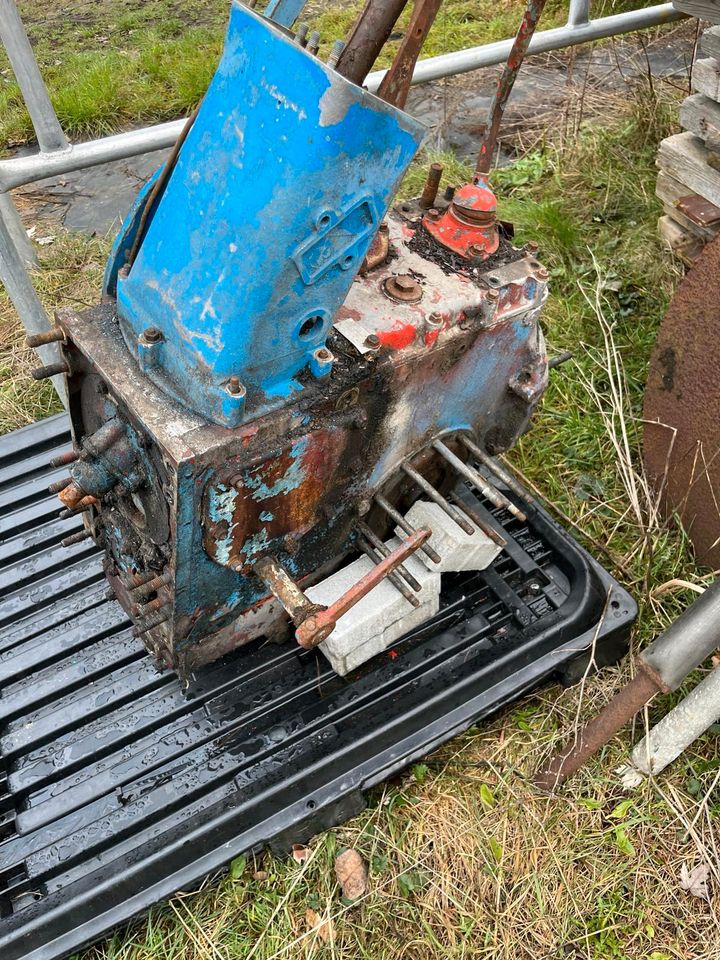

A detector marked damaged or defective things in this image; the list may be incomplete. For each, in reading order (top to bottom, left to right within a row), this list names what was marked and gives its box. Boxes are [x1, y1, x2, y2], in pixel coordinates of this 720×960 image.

rusted iron [334, 0, 408, 86]
rusted iron [374, 0, 442, 109]
rusted iron [478, 0, 544, 178]
rusted iron [420, 163, 442, 210]
rusty engine block [32, 1, 552, 676]
rusted iron [644, 231, 720, 568]
rusted iron [296, 524, 430, 652]
rusted iron [532, 664, 660, 792]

###

### Problem
Give every record again without changing a word. Exclude the pictures.

### Response area
A detector marked damaged or defective things in this image; the list may be incomplete. For each, in reading order (top to bottom, left to right within a row), this list names what was marked and gives its box. Boxes are [x1, y1, x2, y2], in pixel coordinates of this 720×960 image.

rusted iron [334, 0, 408, 86]
rusted iron [374, 0, 442, 109]
rusted iron [478, 0, 544, 178]
rusted iron [420, 163, 442, 210]
rusty engine block [32, 1, 552, 676]
rusted iron [644, 231, 720, 568]
rusted iron [296, 524, 430, 652]
rusted iron [532, 664, 660, 792]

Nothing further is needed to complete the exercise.